--- START ---

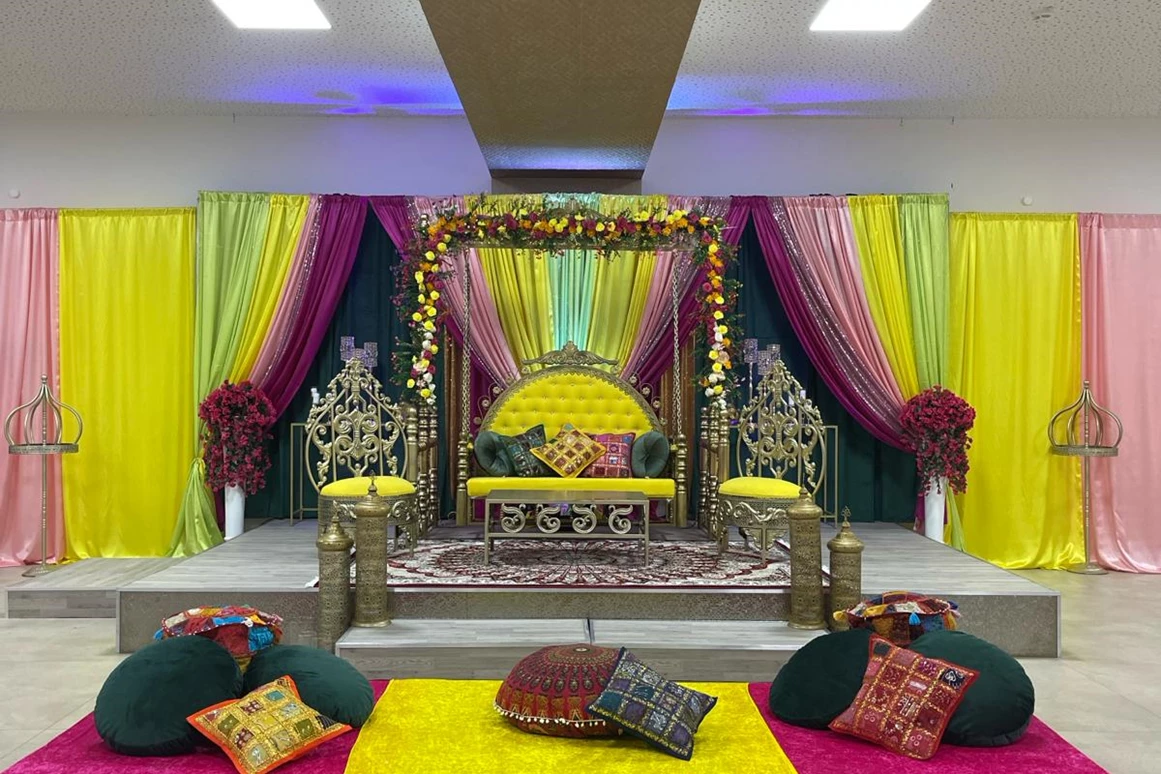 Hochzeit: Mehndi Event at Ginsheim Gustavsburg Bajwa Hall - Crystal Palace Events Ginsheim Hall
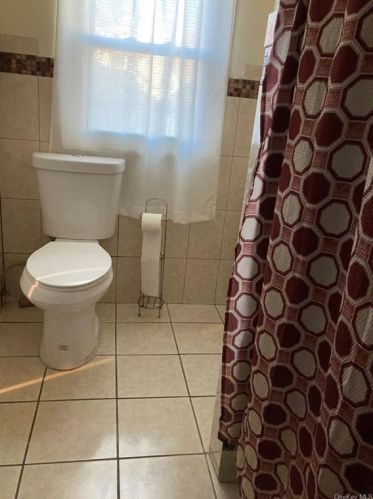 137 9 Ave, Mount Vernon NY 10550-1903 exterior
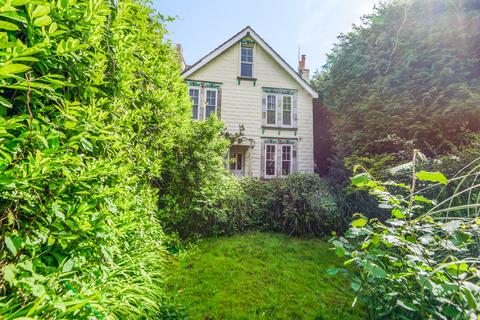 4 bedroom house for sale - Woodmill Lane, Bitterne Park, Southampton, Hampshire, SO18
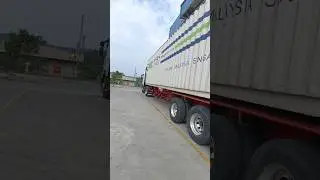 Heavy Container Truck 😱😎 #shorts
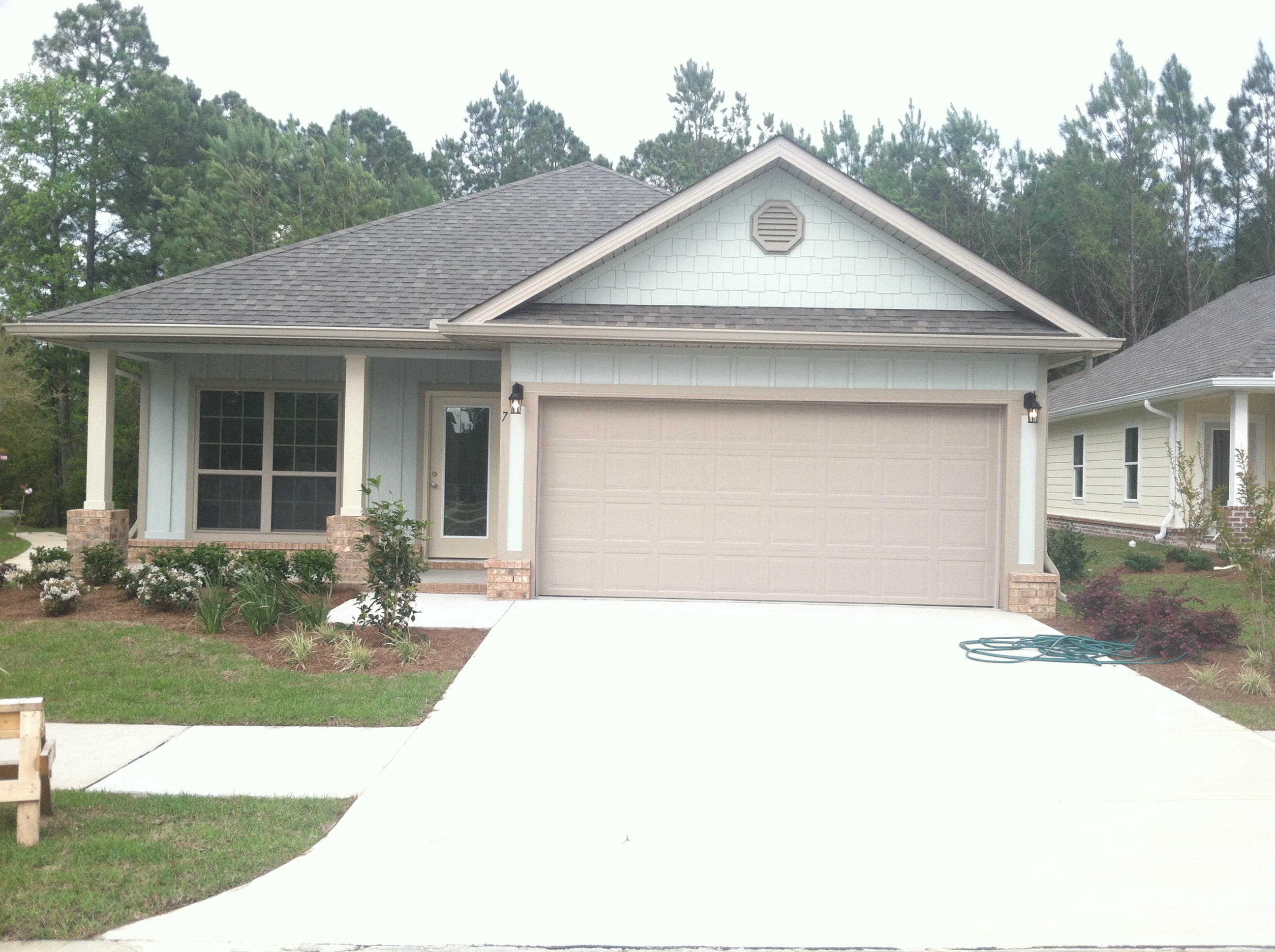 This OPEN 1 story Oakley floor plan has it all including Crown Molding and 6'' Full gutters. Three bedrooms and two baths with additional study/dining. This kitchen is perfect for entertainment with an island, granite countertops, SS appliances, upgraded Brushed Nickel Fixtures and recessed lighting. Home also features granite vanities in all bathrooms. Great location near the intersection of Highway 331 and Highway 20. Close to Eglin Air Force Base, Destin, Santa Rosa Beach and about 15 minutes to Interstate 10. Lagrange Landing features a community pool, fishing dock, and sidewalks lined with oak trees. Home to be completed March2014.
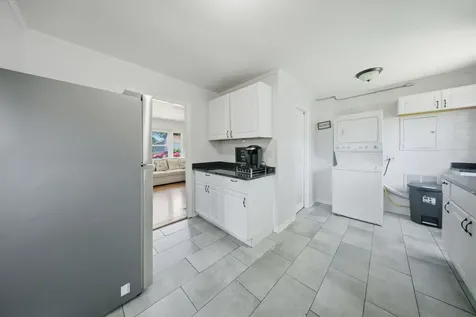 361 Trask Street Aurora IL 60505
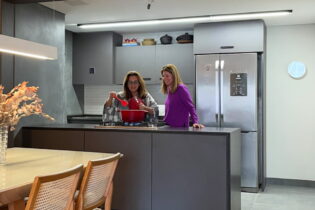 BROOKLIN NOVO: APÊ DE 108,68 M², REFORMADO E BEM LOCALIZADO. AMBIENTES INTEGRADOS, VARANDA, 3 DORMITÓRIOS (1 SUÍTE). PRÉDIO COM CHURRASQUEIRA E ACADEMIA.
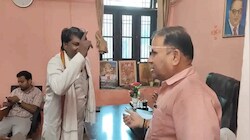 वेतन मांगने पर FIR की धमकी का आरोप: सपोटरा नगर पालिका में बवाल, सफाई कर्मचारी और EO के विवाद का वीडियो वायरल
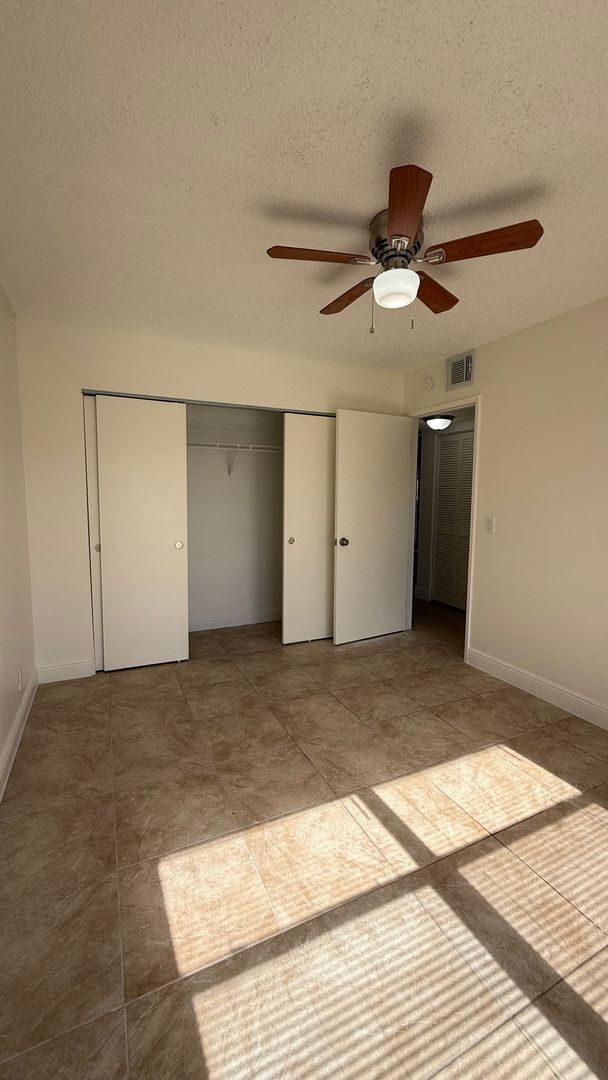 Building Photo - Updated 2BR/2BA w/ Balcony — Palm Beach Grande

--- END ---

Set down the entries word for word, omitting all pictures.

• _YOUR RESPONSE_
 Hochzeit: Mehndi Event at Ginsheim Gustavsburg Bajwa Hall - Crystal Palace Events Ginsheim Hall
 137 9 Ave, Mount Vernon NY 10550-1903 exterior
 4 bedroom house for sale - Woodmill Lane, Bitterne Park, Southampton, Hampshire, SO18
 Heavy Container Truck 😱😎 #shorts
 This OPEN 1 story Oakley floor plan has it all including Crown Molding and 6'' Full gutters. Three bedrooms and two baths with additional study/dining. This kitchen is perfect for entertainment with an island, granite countertops, SS appliances, upgraded Brushed Nickel Fixtures and recessed lighting. Home also features granite vanities in all bathrooms. Great location near the intersection of Highway 331 and Highway 20. Close to Eglin Air Force Base, Destin, Santa Rosa Beach and about 15 minutes to Interstate 10. Lagrange Landing features a community pool, fishing dock, and sidewalks lined with oak trees. Home to be completed March2014.
 361 Trask Street Aurora IL 60505
 BROOKLIN NOVO: APÊ DE 108,68 M², REFORMADO E BEM LOCALIZADO. AMBIENTES INTEGRADOS, VARANDA, 3 DORMITÓRIOS (1 SUÍTE). PRÉDIO COM CHURRASQUEIRA E ACADEMIA.
 वेतन मांगने पर FIR की धमकी का आरोप: सपोटरा नगर पालिका में बवाल, सफाई कर्मचारी और EO के विवाद का वीडियो वायरल
 Building Photo - Updated 2BR/2BA w/ Balcony — Palm Beach Grande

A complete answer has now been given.